The entries should be written out again exactly as they read.

§ Extracted data entries
▼

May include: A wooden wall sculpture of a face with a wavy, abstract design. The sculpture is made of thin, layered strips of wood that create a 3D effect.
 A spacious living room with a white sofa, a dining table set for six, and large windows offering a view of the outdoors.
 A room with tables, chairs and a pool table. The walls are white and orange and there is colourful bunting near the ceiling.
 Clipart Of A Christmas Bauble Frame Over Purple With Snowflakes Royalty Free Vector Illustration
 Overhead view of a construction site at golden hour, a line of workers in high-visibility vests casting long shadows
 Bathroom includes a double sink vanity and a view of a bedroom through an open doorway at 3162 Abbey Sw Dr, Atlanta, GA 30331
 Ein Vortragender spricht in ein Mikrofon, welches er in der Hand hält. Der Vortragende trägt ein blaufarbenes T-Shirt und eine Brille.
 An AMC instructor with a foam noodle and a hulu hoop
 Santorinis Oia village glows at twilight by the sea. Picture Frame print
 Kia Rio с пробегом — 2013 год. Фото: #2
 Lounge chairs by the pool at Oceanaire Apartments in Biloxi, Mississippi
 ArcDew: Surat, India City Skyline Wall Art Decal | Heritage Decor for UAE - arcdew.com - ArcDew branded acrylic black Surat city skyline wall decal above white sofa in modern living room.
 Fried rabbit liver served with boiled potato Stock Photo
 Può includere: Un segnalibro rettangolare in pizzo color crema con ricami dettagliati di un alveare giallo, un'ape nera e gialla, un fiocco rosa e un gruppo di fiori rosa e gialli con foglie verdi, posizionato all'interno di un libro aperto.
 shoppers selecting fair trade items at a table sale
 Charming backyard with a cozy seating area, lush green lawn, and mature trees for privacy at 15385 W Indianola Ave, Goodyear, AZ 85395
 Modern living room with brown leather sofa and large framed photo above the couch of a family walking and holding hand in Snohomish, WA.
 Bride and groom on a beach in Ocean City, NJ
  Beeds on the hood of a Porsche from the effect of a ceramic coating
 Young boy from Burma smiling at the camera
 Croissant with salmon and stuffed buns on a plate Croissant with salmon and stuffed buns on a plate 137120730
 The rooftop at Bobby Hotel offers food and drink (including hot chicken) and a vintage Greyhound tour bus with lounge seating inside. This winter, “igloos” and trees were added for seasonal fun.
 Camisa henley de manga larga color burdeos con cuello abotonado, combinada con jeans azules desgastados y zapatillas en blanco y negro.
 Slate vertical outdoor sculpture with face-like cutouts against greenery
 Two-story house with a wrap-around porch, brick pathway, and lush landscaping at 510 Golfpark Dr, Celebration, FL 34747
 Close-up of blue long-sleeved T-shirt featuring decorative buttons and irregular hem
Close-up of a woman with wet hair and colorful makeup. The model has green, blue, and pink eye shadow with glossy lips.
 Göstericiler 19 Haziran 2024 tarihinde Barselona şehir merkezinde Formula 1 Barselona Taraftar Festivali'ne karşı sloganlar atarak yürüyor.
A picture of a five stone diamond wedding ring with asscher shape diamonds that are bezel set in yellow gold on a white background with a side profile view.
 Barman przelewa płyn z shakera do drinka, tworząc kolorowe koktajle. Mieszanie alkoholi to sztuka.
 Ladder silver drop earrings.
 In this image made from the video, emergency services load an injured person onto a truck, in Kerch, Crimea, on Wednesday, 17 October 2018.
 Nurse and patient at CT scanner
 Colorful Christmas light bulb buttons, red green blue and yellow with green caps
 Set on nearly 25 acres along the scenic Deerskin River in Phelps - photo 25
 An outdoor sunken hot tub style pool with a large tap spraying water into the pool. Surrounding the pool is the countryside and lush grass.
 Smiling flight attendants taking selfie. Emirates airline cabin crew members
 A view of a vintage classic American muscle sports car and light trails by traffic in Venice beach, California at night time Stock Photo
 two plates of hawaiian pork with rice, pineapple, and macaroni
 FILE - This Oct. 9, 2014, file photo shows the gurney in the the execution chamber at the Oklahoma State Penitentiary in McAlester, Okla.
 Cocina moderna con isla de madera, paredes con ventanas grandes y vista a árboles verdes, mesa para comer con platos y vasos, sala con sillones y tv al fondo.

▲

§ Solution to this problem
May include: A wooden wall sculpture of a face with a wavy, abstract design. The sculpture is made of thin, layered strips of wood that create a 3D effect.
 A spacious living room with a white sofa, a dining table set for six, and large windows offering a view of the outdoors.
 A room with tables, chairs and a pool table. The walls are white and orange and there is colourful bunting near the ceiling.
 Clipart Of A Christmas Bauble Frame Over Purple With Snowflakes Royalty Free Vector Illustration
 Overhead view of a construction site at golden hour, a line of workers in high-visibility vests casting long shadows
 Bathroom includes a double sink vanity and a view of a bedroom through an open doorway at 3162 Abbey Sw Dr, Atlanta, GA 30331
 Ein Vortragender spricht in ein Mikrofon, welches er in der Hand hält. Der Vortragende trägt ein blaufarbenes T-Shirt und eine Brille.
 An AMC instructor with a foam noodle and a hulu hoop
 Santorinis Oia village glows at twilight by the sea. Picture Frame print
 Kia Rio с пробегом — 2013 год. Фото: #2
 Lounge chairs by the pool at Oceanaire Apartments in Biloxi, Mississippi
 ArcDew: Surat, India City Skyline Wall Art Decal | Heritage Decor for UAE - arcdew.com - ArcDew branded acrylic black Surat city skyline wall decal above white sofa in modern living room.
 Fried rabbit liver served with boiled potato Stock Photo
 Può includere: Un segnalibro rettangolare in pizzo color crema con ricami dettagliati di un alveare giallo, un'ape nera e gialla, un fiocco rosa e un gruppo di fiori rosa e gialli con foglie verdi, posizionato all'interno di un libro aperto.
 shoppers selecting fair trade items at a table sale
 Charming backyard with a cozy seating area, lush green lawn, and mature trees for privacy at 15385 W Indianola Ave, Goodyear, AZ 85395
 Modern living room with brown leather sofa and large framed photo above the couch of a family walking and holding hand in Snohomish, WA.
 Bride and groom on a beach in Ocean City, NJ
  Beeds on the hood of a Porsche from the effect of a ceramic coating
 Young boy from Burma smiling at the camera
 Croissant with salmon and stuffed buns on a plate Croissant with salmon and stuffed buns on a plate 137120730
 The rooftop at Bobby Hotel offers food and drink (including hot chicken) and a vintage Greyhound tour bus with lounge seating inside. This winter, “igloos” and trees were added for seasonal fun.
 Camisa henley de manga larga color burdeos con cuello abotonado, combinada con jeans azules desgastados y zapatillas en blanco y negro.
 Slate vertical outdoor sculpture with face-like cutouts against greenery
 Two-story house with a wrap-around porch, brick pathway, and lush landscaping at 510 Golfpark Dr, Celebration, FL 34747
 Close-up of blue long-sleeved T-shirt featuring decorative buttons and irregular hem
Close-up of a woman with wet hair and colorful makeup. The model has green, blue, and pink eye shadow with glossy lips.
 Göstericiler 19 Haziran 2024 tarihinde Barselona şehir merkezinde Formula 1 Barselona Taraftar Festivali'ne karşı sloganlar atarak yürüyor.
A picture of a five stone diamond wedding ring with asscher shape diamonds that are bezel set in yellow gold on a white background with a side profile view.
 Barman przelewa płyn z shakera do drinka, tworząc kolorowe koktajle. Mieszanie alkoholi to sztuka.
 Ladder silver drop earrings.
 In this image made from the video, emergency services load an injured person onto a truck, in Kerch, Crimea, on Wednesday, 17 October 2018.
 Nurse and patient at CT scanner
 Colorful Christmas light bulb buttons, red green blue and yellow with green caps
 Set on nearly 25 acres along the scenic Deerskin River in Phelps - photo 25
 An outdoor sunken hot tub style pool with a large tap spraying water into the pool. Surrounding the pool is the countryside and lush grass.
 Smiling flight attendants taking selfie. Emirates airline cabin crew members
 A view of a vintage classic American muscle sports car and light trails by traffic in Venice beach, California at night time Stock Photo
 two plates of hawaiian pork with rice, pineapple, and macaroni
 FILE - This Oct. 9, 2014, file photo shows the gurney in the the execution chamber at the Oklahoma State Penitentiary in McAlester, Okla.
 Cocina moderna con isla de madera, paredes con ventanas grandes y vista a árboles verdes, mesa para comer con platos y vasos, sala con sillones y tv al fondo.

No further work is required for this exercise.